ENTRIES SHOWN Block Start
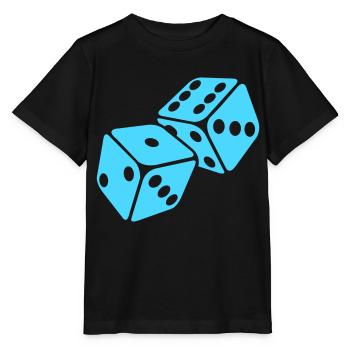 cube - Stanley/Stella MINI CREATOR Kids’ T-Shirt - black - Front - Mikhail (115cm)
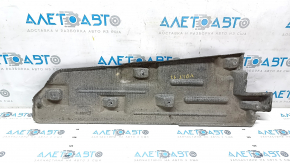 Right underbody protection Chevrolet Volt 16 - worn, torn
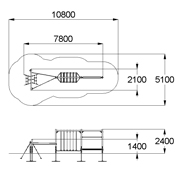 План-схема: 006384 - Детский спортивный комплекс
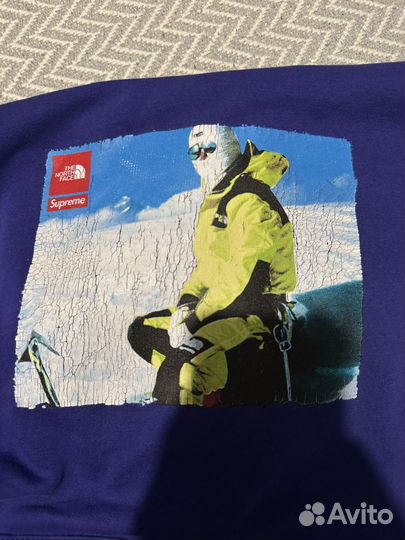 Худи The north face x Supreme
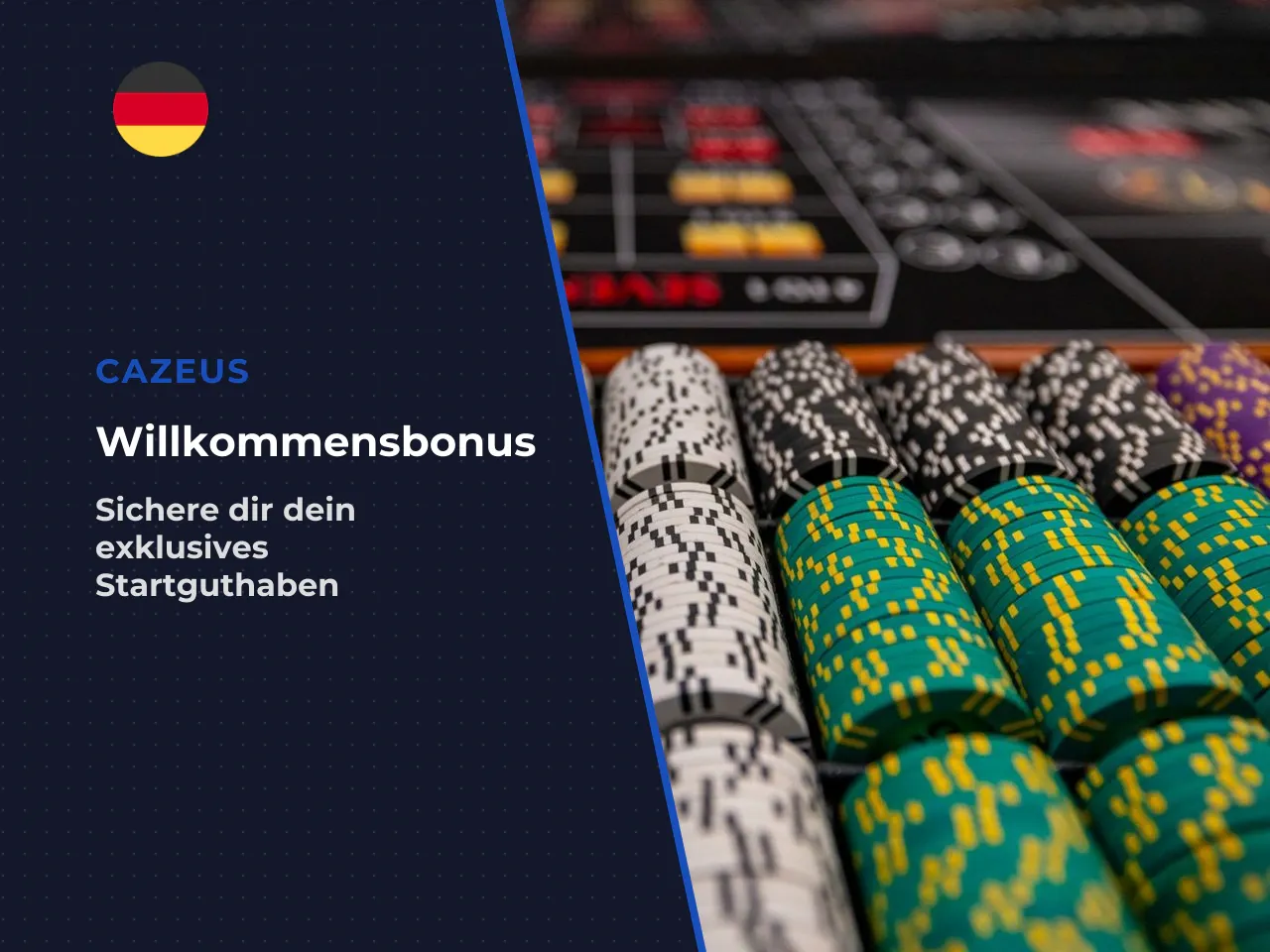 Willkommensbonus, Freispiele und Gamification im Cazeus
ENTRIES SHOWN Block End
- PROMPT
Your answer must be a verbatim copy of the entries above, with no images included.

- WRITTEN RESPONSE
 cube - Stanley/Stella MINI CREATOR Kids’ T-Shirt - black - Front - Mikhail (115cm)
 Right underbody protection Chevrolet Volt 16 - worn, torn
 План-схема: 006384 - Детский спортивный комплекс
 Худи The north face x Supreme
 Willkommensbonus, Freispiele und Gamification im Cazeus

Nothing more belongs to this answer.